Exercise 2 will ask you to explain the mechanics of the Central Limit Theorem using simulated data and plots. It is due at 5pm CST on Monday, 2/08. It can be downloaded at the “Files/Assignments” section at Canvas.

And now, the Module

We switch gears somewhat in this module. So far, we have focused on actual, observed data (samples). We now want to begin thinking about how we can use these data to draw inferences about the populations from which they are drawn. Toward that end, we are going to examine some foundational statistical concepts. We start with the concepts of random variables and probability density functions (PDFs).

Start by reading OIS Sections 3.1 and 3.2 on “The Normal Distribution.” Then watch the video on “Random Variables and PDFs.”

If you would like to go into these topics in greater detail, note that the Syllabus has some suggested but optional readings. The readings examine Probability” and “Random Variables and Continuous Distributions” in greater detail. Again, these readings are suggested but optional.

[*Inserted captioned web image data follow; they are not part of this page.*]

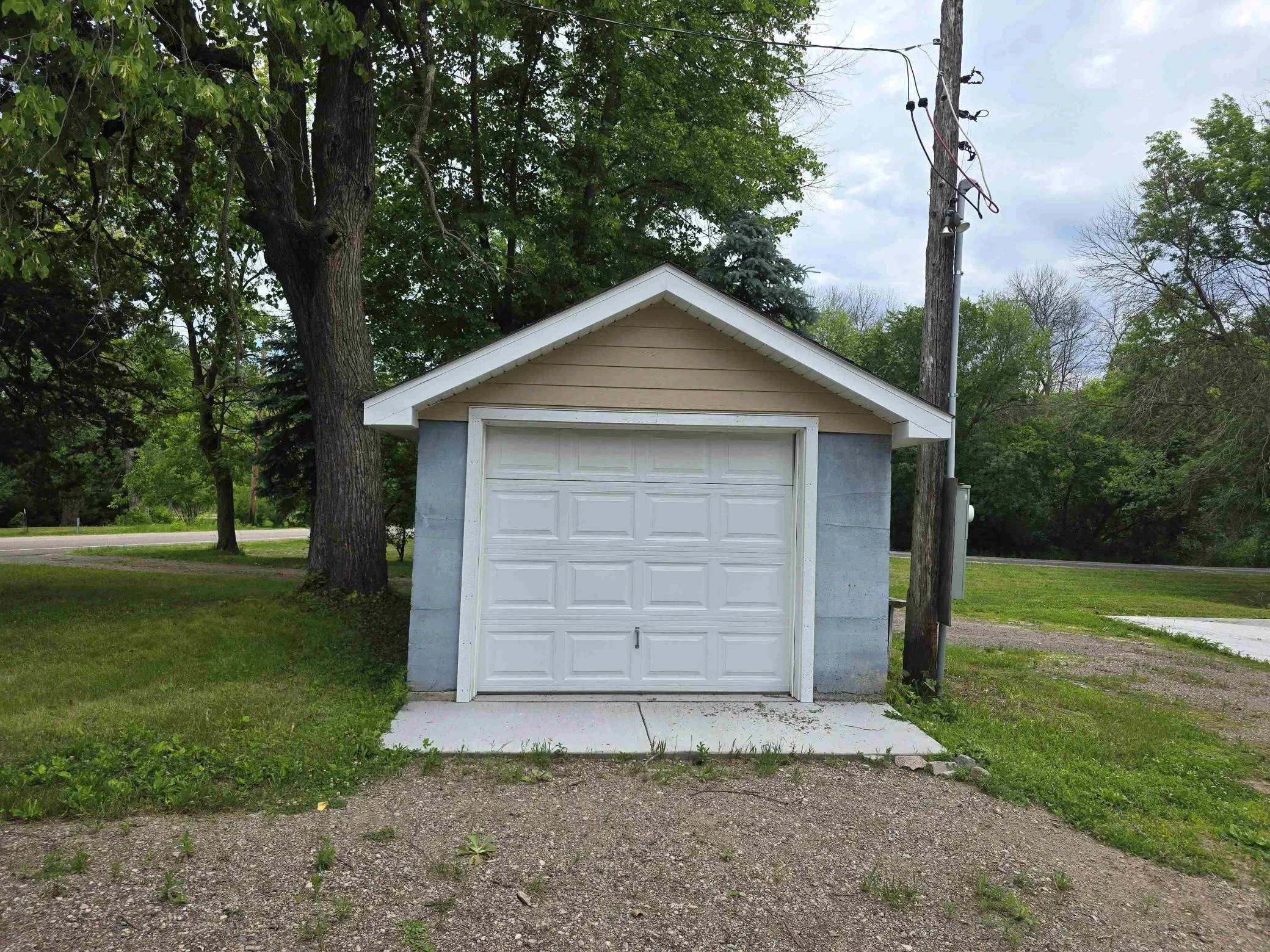 Photo 12 of 7749 Pioneer Road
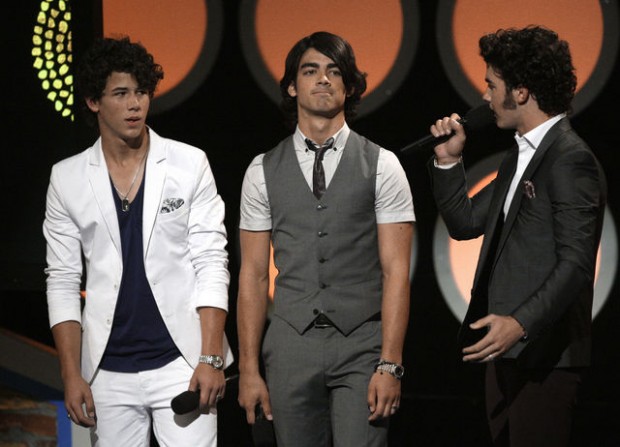 Jonas Brothers, 'Gossip Girl' score teen awards  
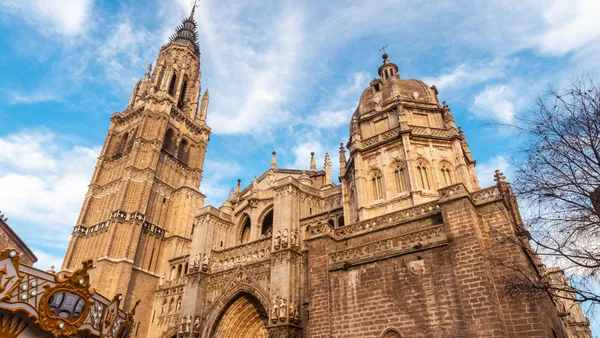Fachada de la catedral de Toledo, la segunda más grande de España.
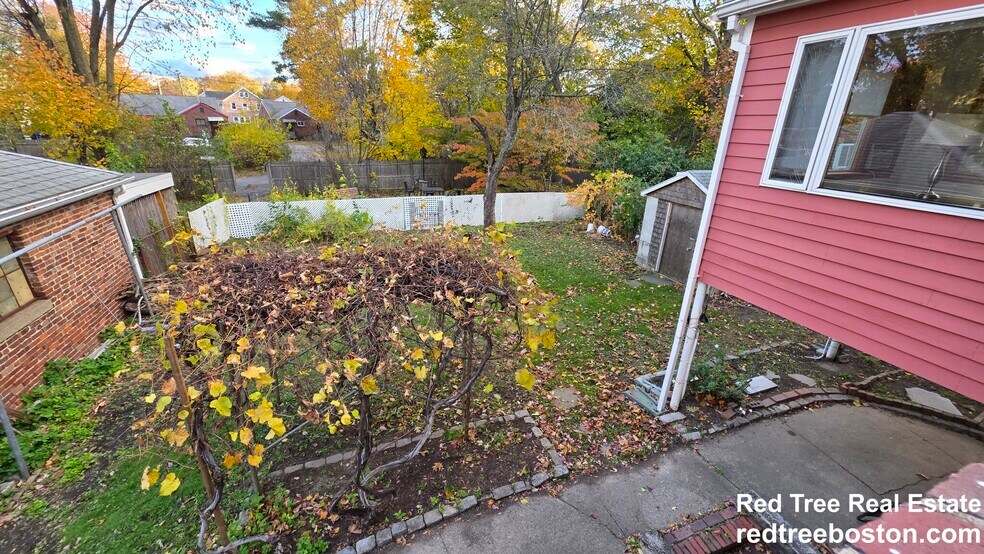 Building Photo - 18 Cresthill Rd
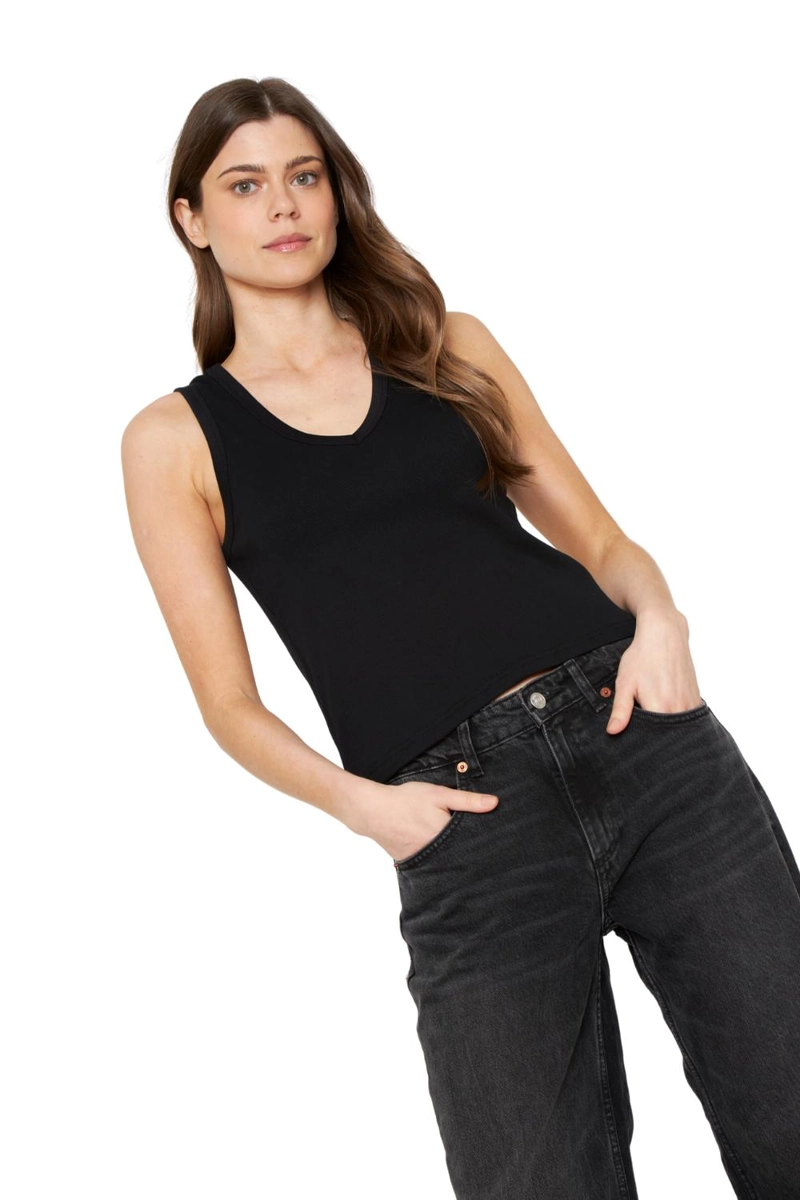 POLERA MAE CUELLO EN V NEGRA JACINTA TIENDA - 3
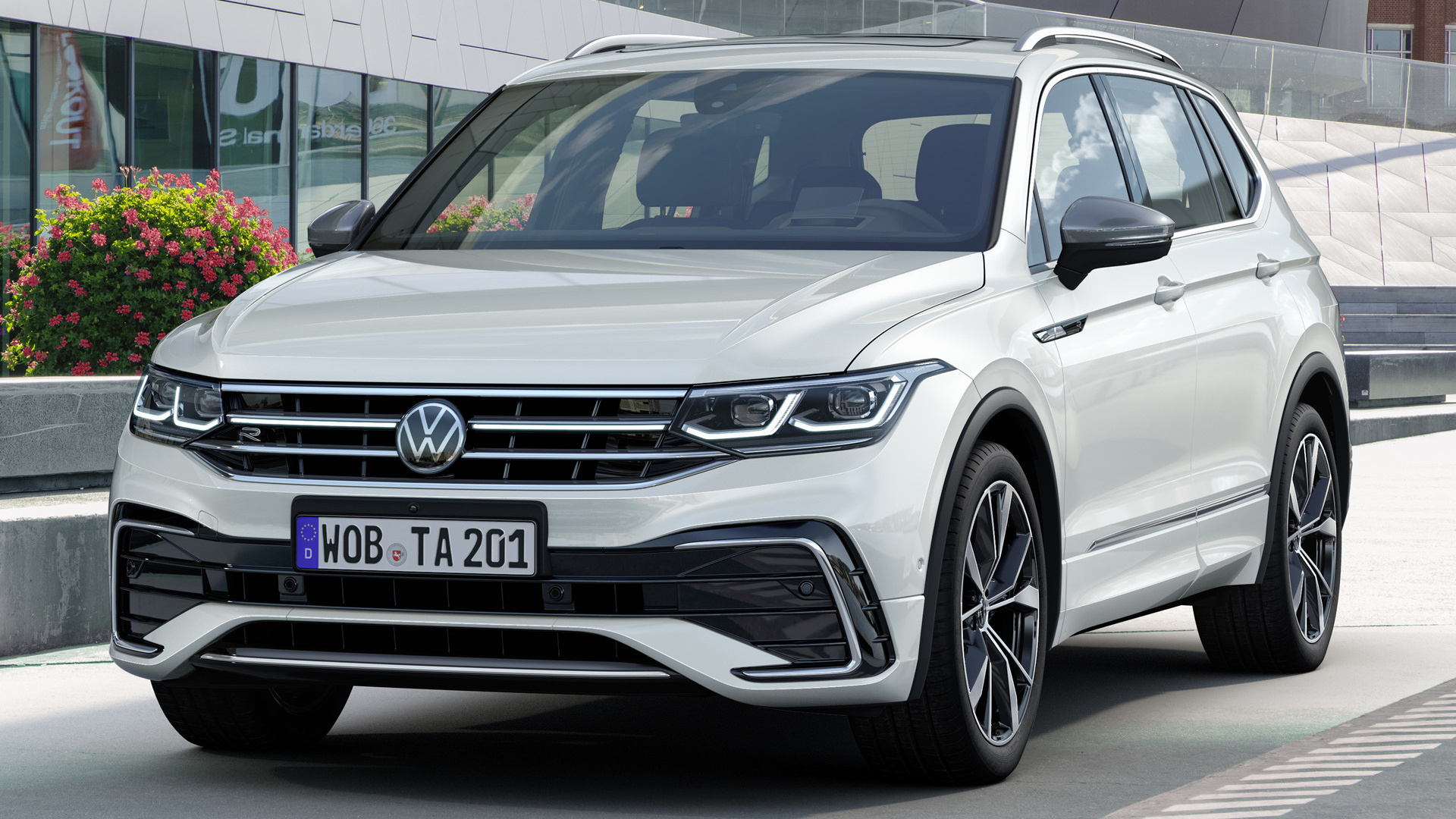 Фольксваген удлиненный. VW Tiguan r line 2021. Тигуан r line 2021. Фольксваген Тигуан r 2022. Новый Volkswagen Tiguan 2022.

Now watch the video on “The Normal Distribution.”

The Module 4 practice questions (parts 1 and 2) will further familiarize you with PDFs by guiding you through an exploration of some especially common ones using simulated data and plots. In the meantime, before moving on, take a moment to answer a few fundamental conceptual questions:

  • Conceptually, what are random variables?
  • What is their relationship to the observed variables that we have been working with up until now?
  • And, similarly, what are PDFs?
  • What are some of the real-life, chance processes modelled by one or two of the PDFs from the video?

Now read Lane, Introductory Statistics, pp. 300-315. The PDF is available at the “Files/Readings” section at Canvas.

Now watch the parts 1 and 2 of the video on the “LLN and CLT”.

The best way to really grasp the LLN and CLT is to first become very familiar with their mechanics. We are going to do this in a couple of ways. First, we will spend some time working with a java-based simulation of the Cental Limit Theorem at http://onlinestatbook.com/stat_sim/sampling_dist/. Second, in Exercise 2, we will explore the CLT using our own simulated data and graphics as well as teach the concept to the general public via a very brief article.

Watch the “CLT demo” below, in which I briefly demonstrate the usage of the simulation at onlinestatboook.com.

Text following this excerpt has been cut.